On Saturday, The Body Shop filed for Chapter 7 bankruptcy — in which assets are sold to cover debts — after having ceased its U.S.-based operations and closing of dozens of Canadian stores. Once a retail powerhouse, the company is known for its presence in malls as cruelty-free and “ethically produced” beauty retailer. The Body Shop was even approved for “B Corp” certification, meeting the highest standards for social and environmental performance, in 2019.
Previously, The Body Shop was owned by L’Oréal in 2006 and later sold to Brazilian company Natura in 2017. Despite expanding to more than 2,500 retail locations in 2023, The Body Shop has been facing struggling sales numbers in recent years.

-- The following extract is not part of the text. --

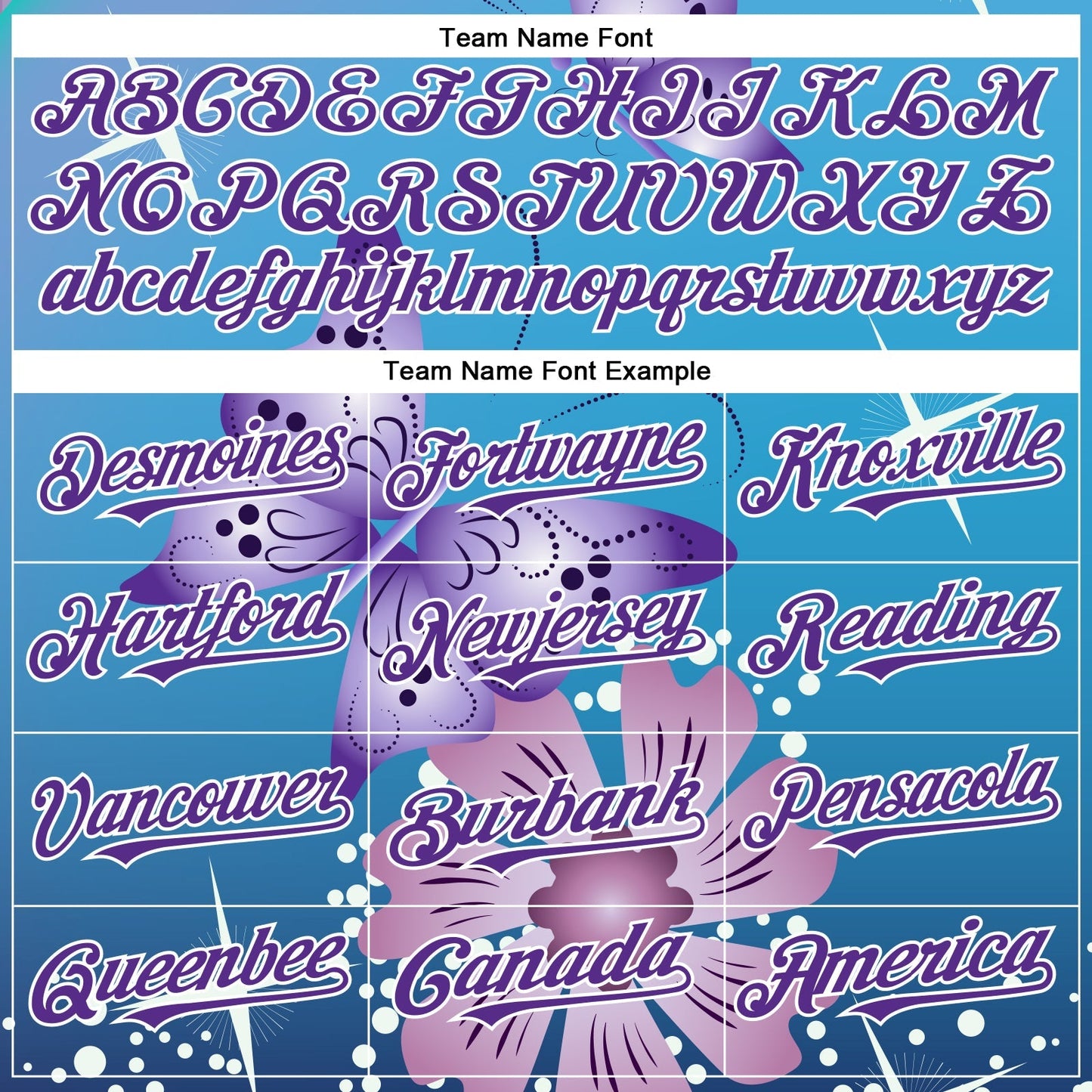 Custom Light Blue Purple-White 3D Pattern Design Animal Butterfly And Flower Authentic Baseball Jersey baseball jersey product view 4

Per Natura’s early 2023 report, it had a year-over-year decline of 13.5% in 2022, according to CNN.
As Fashionista reports, in November 2023, German private equity firm Aurelius bought The Body Shop for an estimated $266 million and put the company into administration only weeks after the deal was finalized. According to a report from The Guardian, earnings from November and December were paid into a cash pooling account based in the UK, but those funds are now reportedly not available to cover supplier debts from that period, as access was cut off when the company brought in accounting firm FRP Advisory. “It is understood that the North American and Australasian businesses are now counted as creditors to the UK arm and may have to wait months for any payment via FRP,” per The Guardian‘s report.
The Body Shop’s German, Danish, Irish and Belgian divisions have been put into insolvency, while its operations in Spain, Sweden, France and Austria remain uncertain. Its Australian and New Zealand operations — which include nearly 100 stores — are also at risk.